"""
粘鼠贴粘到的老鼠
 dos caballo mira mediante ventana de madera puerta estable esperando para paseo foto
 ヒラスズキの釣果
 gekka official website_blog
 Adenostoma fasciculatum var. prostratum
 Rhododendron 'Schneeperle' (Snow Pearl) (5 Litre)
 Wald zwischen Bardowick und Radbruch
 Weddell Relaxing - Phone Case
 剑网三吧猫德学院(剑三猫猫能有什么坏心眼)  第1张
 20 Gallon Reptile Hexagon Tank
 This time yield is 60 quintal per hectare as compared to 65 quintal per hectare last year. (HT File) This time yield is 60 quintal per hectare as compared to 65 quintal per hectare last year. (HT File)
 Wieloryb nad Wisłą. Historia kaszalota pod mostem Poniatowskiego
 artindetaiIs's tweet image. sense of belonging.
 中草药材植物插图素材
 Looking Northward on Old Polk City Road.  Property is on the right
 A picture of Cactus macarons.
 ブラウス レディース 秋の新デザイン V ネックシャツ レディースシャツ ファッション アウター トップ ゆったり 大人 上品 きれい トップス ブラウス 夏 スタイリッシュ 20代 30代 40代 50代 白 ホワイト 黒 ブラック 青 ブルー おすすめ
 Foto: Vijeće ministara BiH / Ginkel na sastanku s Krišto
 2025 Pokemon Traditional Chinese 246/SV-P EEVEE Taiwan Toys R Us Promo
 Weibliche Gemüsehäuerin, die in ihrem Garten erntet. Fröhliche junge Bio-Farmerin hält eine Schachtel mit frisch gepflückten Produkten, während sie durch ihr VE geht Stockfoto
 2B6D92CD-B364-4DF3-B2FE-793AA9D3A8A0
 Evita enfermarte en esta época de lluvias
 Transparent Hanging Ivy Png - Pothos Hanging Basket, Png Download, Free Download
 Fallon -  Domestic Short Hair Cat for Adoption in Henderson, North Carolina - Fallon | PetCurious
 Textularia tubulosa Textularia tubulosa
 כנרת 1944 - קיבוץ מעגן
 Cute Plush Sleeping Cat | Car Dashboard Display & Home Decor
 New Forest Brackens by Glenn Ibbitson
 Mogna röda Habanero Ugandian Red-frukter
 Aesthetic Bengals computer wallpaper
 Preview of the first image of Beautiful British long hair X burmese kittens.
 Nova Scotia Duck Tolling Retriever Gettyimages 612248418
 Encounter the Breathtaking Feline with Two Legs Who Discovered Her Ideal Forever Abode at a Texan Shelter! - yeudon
"""
__Exercise directions__
Your output should be an exact copy of the lines from the one containing "Wieloryb nad Wisłą." through the last line of the data above.

__Answer__
 Wieloryb nad Wisłą. Historia kaszalota pod mostem Poniatowskiego
 artindetaiIs's tweet image. sense of belonging.
 中草药材植物插图素材
 Looking Northward on Old Polk City Road.  Property is on the right
 A picture of Cactus macarons.
 ブラウス レディース 秋の新デザイン V ネックシャツ レディースシャツ ファッション アウター トップ ゆったり 大人 上品 きれい トップス ブラウス 夏 スタイリッシュ 20代 30代 40代 50代 白 ホワイト 黒 ブラック 青 ブルー おすすめ
 Foto: Vijeće ministara BiH / Ginkel na sastanku s Krišto
 2025 Pokemon Traditional Chinese 246/SV-P EEVEE Taiwan Toys R Us Promo
 Weibliche Gemüsehäuerin, die in ihrem Garten erntet. Fröhliche junge Bio-Farmerin hält eine Schachtel mit frisch gepflückten Produkten, während sie durch ihr VE geht Stockfoto
 2B6D92CD-B364-4DF3-B2FE-793AA9D3A8A0
 Evita enfermarte en esta época de lluvias
 Transparent Hanging Ivy Png - Pothos Hanging Basket, Png Download, Free Download
 Fallon -  Domestic Short Hair Cat for Adoption in Henderson, North Carolina - Fallon | PetCurious
 Textularia tubulosa Textularia tubulosa
 כנרת 1944 - קיבוץ מעגן
 Cute Plush Sleeping Cat | Car Dashboard Display & Home Decor
 New Forest Brackens by Glenn Ibbitson
 Mogna röda Habanero Ugandian Red-frukter
 Aesthetic Bengals computer wallpaper
 Preview of the first image of Beautiful British long hair X burmese kittens.
 Nova Scotia Duck Tolling Retriever Gettyimages 612248418
 Encounter the Breathtaking Feline with Two Legs Who Discovered Her Ideal Forever Abode at a Texan Shelter! - yeudon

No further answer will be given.